Dreimal wurde Verdis "Don Carlo“ uraufgeführt: 1867 im Théâtre Impérial de l’Opéra in Paris, 1884 an der Mailänder Scala und 1886 im Teatro Comunale in Modena. Für diesen Salzburger Festspielsommer und damit als besonderen Tribut zum Verdi-Jahr aber wählte man eine Mischfassung: die "Pariser“ auf Italienisch mit dem Fontainebleau-Akt. Denn nur so werden die Handlungsfäden dieser Grand Opéra deutlich. So wenigstens die Ansicht von Regisseur Peter Stein, die schon in der Vergangenheit nicht alle teilten. Etwa Herbert von Karajan, auf den die 1958 begonnene Salzburger "Don Carlo“-Aufführungstradition zurückgeht. Auf die Frage, weshalb er die vieraktige der fünfaktigen Opernfassung vorziehe, erwiderte er gerne, dass er damit bloß auf den Holzfällerchor verzichte.

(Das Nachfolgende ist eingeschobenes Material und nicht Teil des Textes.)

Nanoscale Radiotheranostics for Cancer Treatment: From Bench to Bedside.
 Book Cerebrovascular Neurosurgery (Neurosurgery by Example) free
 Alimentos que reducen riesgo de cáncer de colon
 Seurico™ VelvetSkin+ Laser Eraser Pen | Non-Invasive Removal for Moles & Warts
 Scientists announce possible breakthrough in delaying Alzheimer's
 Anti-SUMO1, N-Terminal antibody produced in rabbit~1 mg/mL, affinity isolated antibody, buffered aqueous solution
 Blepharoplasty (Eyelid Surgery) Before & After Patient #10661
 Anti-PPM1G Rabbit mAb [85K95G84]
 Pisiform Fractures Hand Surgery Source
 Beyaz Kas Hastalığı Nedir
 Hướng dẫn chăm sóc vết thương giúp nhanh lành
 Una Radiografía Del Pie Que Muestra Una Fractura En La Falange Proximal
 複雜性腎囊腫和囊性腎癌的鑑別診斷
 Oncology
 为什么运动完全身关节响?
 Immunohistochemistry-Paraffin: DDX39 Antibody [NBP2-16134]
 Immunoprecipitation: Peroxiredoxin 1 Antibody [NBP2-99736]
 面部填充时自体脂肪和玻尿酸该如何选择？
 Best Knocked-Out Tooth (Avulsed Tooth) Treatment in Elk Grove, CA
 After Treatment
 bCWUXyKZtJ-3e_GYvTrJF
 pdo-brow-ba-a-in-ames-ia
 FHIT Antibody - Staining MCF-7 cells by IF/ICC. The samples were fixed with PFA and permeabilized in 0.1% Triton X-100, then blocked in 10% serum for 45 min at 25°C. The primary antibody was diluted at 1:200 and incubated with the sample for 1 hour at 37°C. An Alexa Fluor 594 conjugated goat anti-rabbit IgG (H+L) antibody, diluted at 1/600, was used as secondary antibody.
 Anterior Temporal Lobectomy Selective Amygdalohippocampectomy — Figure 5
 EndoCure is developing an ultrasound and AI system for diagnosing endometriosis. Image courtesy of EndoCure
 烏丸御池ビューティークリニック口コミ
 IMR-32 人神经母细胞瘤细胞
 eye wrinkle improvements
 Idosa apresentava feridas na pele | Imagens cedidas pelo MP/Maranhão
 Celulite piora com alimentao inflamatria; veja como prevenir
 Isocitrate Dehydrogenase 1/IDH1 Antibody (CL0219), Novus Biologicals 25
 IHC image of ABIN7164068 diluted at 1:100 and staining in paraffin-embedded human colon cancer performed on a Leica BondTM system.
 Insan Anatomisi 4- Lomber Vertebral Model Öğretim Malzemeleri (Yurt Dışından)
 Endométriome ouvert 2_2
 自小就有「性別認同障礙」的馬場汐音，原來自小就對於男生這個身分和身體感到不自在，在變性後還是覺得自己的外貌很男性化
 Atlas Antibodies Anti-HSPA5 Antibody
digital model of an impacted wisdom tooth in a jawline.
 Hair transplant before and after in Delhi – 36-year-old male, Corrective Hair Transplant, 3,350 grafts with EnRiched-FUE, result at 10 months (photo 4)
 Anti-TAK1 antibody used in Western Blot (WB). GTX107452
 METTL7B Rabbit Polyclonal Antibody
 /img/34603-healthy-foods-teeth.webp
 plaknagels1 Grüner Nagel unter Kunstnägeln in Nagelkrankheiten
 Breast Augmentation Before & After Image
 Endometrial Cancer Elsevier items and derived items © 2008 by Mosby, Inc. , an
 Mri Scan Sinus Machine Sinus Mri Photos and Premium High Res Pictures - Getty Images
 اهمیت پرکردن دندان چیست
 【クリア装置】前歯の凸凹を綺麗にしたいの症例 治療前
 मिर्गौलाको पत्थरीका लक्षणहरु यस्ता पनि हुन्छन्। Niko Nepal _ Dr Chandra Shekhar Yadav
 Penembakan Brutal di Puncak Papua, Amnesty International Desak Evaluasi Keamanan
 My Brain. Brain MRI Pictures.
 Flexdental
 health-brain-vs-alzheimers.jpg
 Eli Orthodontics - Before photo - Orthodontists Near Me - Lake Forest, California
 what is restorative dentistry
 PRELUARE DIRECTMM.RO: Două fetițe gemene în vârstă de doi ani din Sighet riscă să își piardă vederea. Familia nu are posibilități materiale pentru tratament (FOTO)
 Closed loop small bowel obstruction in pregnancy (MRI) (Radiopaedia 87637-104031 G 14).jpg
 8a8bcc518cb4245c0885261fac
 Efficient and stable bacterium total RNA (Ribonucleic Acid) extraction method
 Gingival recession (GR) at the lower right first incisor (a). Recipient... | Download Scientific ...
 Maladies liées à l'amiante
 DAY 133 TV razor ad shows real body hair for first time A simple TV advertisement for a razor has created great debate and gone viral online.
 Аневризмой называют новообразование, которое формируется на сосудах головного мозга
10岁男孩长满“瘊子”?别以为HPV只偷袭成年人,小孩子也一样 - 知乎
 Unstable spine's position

Schlüsselszene König-Großinquisitor
Stein aber wollte es anders und zeigte mit seiner altmeisterlich-konservativen, auf jegliche Neudeutung verzichtenden Inszenierung an diesem langen, knapp über fünf Stunden dauernden Abend auch vor, warum: Weil sich mit dem Fontainebleau-Akt als Entrée die hier auf die Bühne gestellte Geschichte, vor allem die Liebesbeziehung zwischen dem Titelhelden und seiner Stiefmutter Elisabeth, besonders prägnant nachzeichnen lässt. Und zwar egal, ob im unmittelbaren Miteinander oder als nur ein Thema zwischen anderen. Wie etwa in der eindringlich gelungenen Szene zwischen König Philipp II. und dem Großinquisitor, was zwei außerordentlichen Sängerpersönlichkeiten geschuldet war: dem vokal schon ziemlich in die Jahre gekommenen Matti Salminen und dem mit markanter Tiefe prunkenden Eric Halfvarson.
Sonst war es vor allem der Abend von Jonas Kaufmann und Anja Harteros, die man, zumal auch nach ihrem "Trovatore“ bei den diesjährigen Münchner Opernfestspielen, als neues Traumpaar der Opernbühne bezeichnen kann. Wobei sich das an der Isar gewonnene Bild bestätigte. Denn auch im Großen Festspielhaus ersetzte Kaufmann seine fehlende Italianità meist durch betonte Kultiviertheit und faszinierte die Harteros von Beginn weg durch stimmliche Präsenz und schauspielerische Intensität. Eine bessere Besetzung für Carlos und Elisabeth wird man gegenwärtig nicht finden.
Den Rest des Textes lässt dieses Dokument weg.